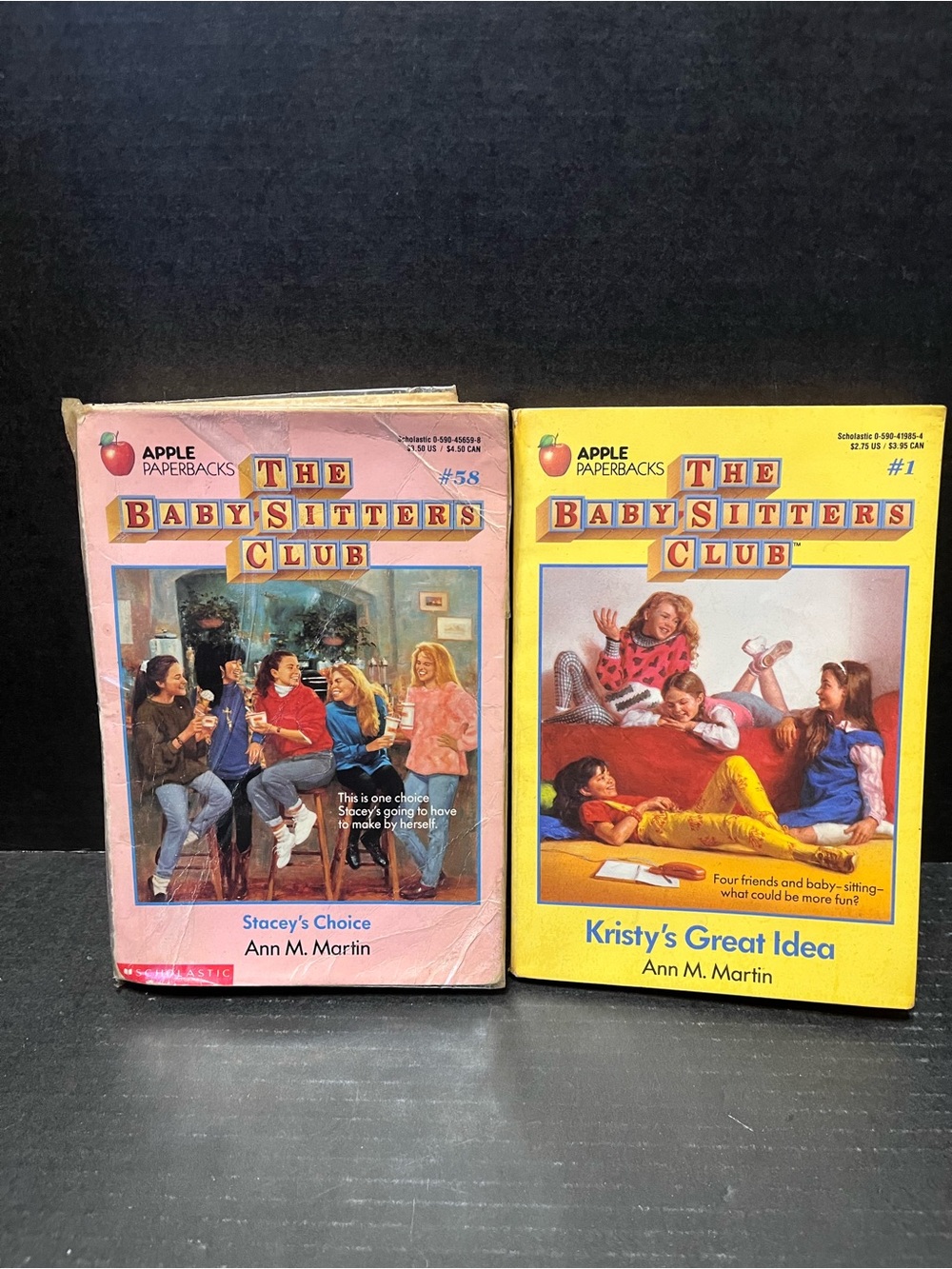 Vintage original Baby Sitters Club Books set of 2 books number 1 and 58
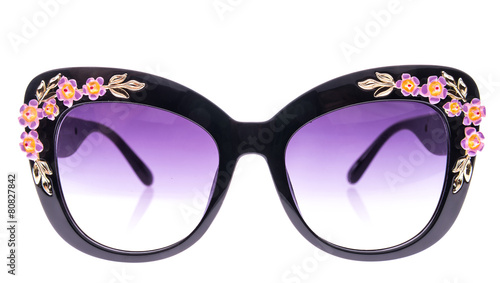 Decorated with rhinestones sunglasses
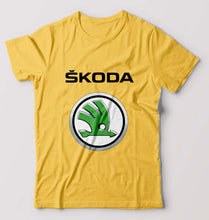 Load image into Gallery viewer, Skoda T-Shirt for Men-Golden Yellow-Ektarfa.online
-- -- --
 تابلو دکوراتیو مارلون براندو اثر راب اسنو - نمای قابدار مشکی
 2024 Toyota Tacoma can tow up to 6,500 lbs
-- -- --
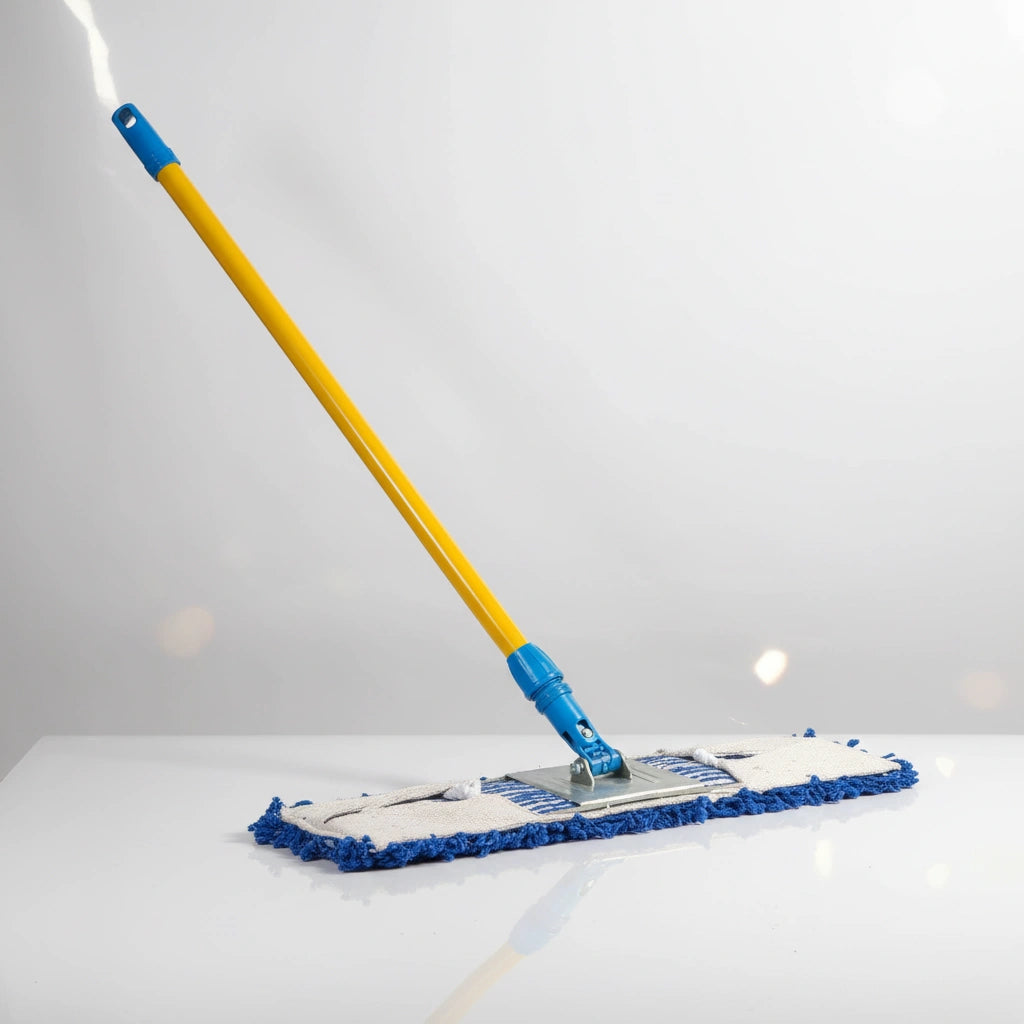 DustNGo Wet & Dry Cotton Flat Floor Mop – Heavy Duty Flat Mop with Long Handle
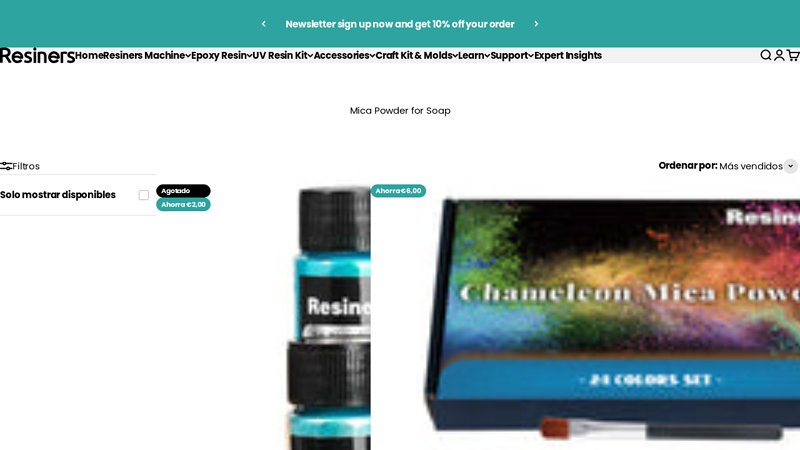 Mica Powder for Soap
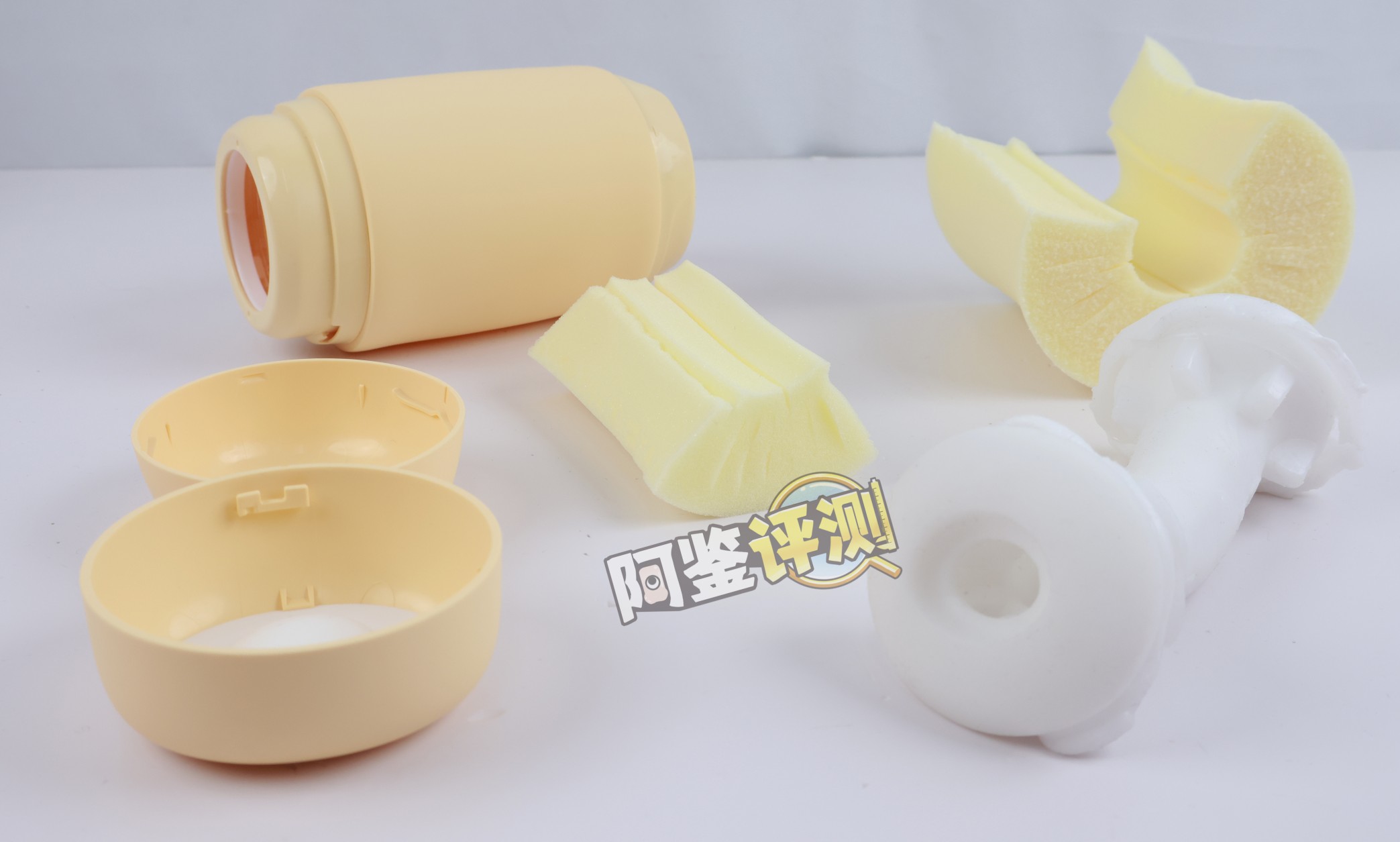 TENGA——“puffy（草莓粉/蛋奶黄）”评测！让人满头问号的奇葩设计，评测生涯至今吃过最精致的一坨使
-- -- --
## TO DO:
In the data above, start at the line holding "Vintage original Baby" and stop after the line holding "Load image into"; write out those lines exactly, without pictures.

## ANSWER TO THE EXERCISE:
 Vintage original Baby Sitters Club Books set of 2 books number 1 and 58
 Decorated with rhinestones sunglasses
 Load image into Gallery viewer, Skoda T-Shirt for Men-Golden Yellow-Ektarfa.online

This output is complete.